* _MATERIAL PROVIDED_:
■ ■ ■ ■ ■
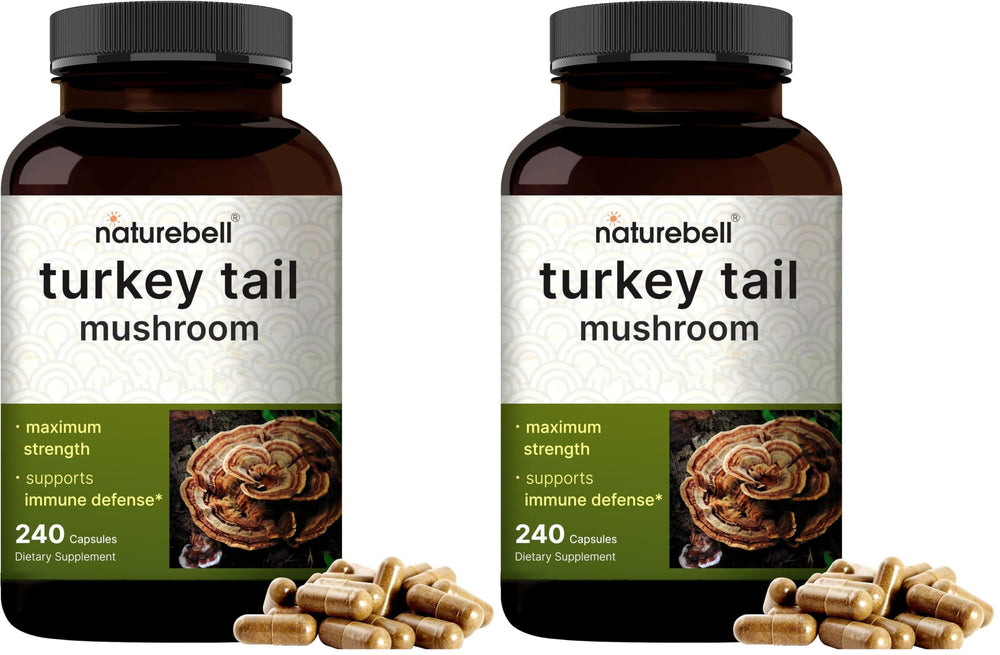 NatureBell Turkey Tail Mushroom Capsules bottle front, Pack 2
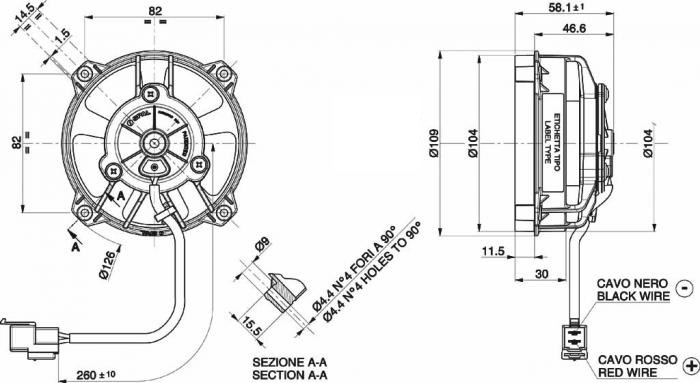 Radiator Fan D109 - D96 sucking SPAL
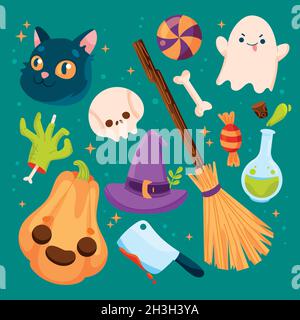 disegno a mano della collezione di elementi di halloween piatta illustrazione del disegno vettoriale Illustrazione Vettoriale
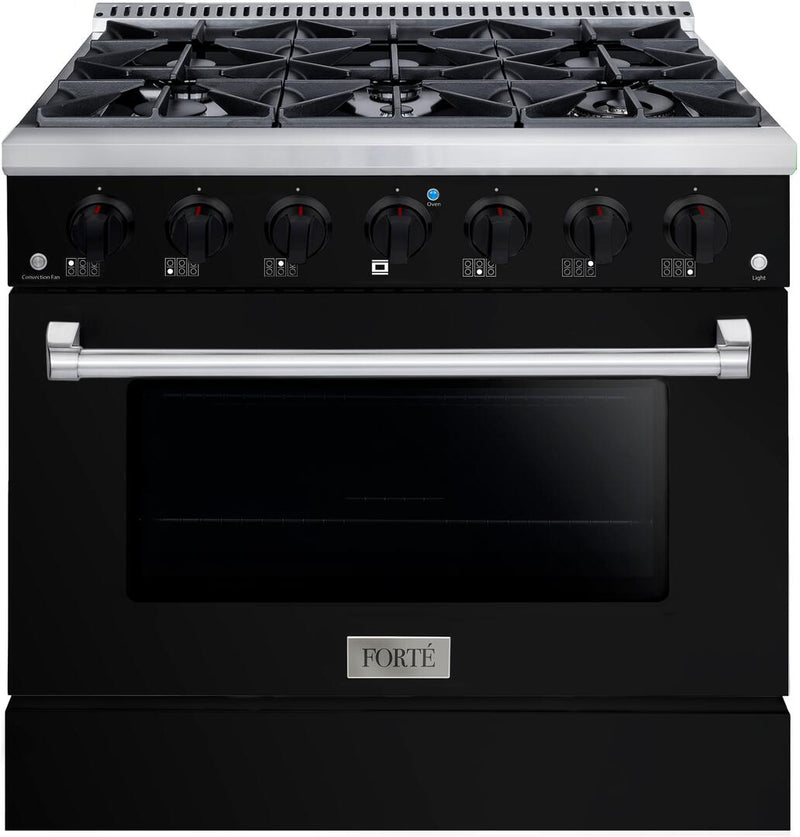 Forte 36" Freestanding All Gas Range - 6 Sealed Italian Made Burners, 4.5 cu. ft. Oven, Easy Glide Oven Racks - in Stainless Steel with Black Door and Black Knob (FGR366BBB21)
■ ■ ■ ■ ■
* _REQUIREMENT_:
Using the data above, write out every line exactly, leaving the images behind.

* _EXERCISE ANSWER_:
 NatureBell Turkey Tail Mushroom Capsules bottle front, Pack 2
 Radiator Fan D109 - D96 sucking SPAL
 disegno a mano della collezione di elementi di halloween piatta illustrazione del disegno vettoriale Illustrazione Vettoriale
 Forte 36" Freestanding All Gas Range - 6 Sealed Italian Made Burners, 4.5 cu. ft. Oven, Easy Glide Oven Racks - in Stainless Steel with Black Door and Black Knob (FGR366BBB21)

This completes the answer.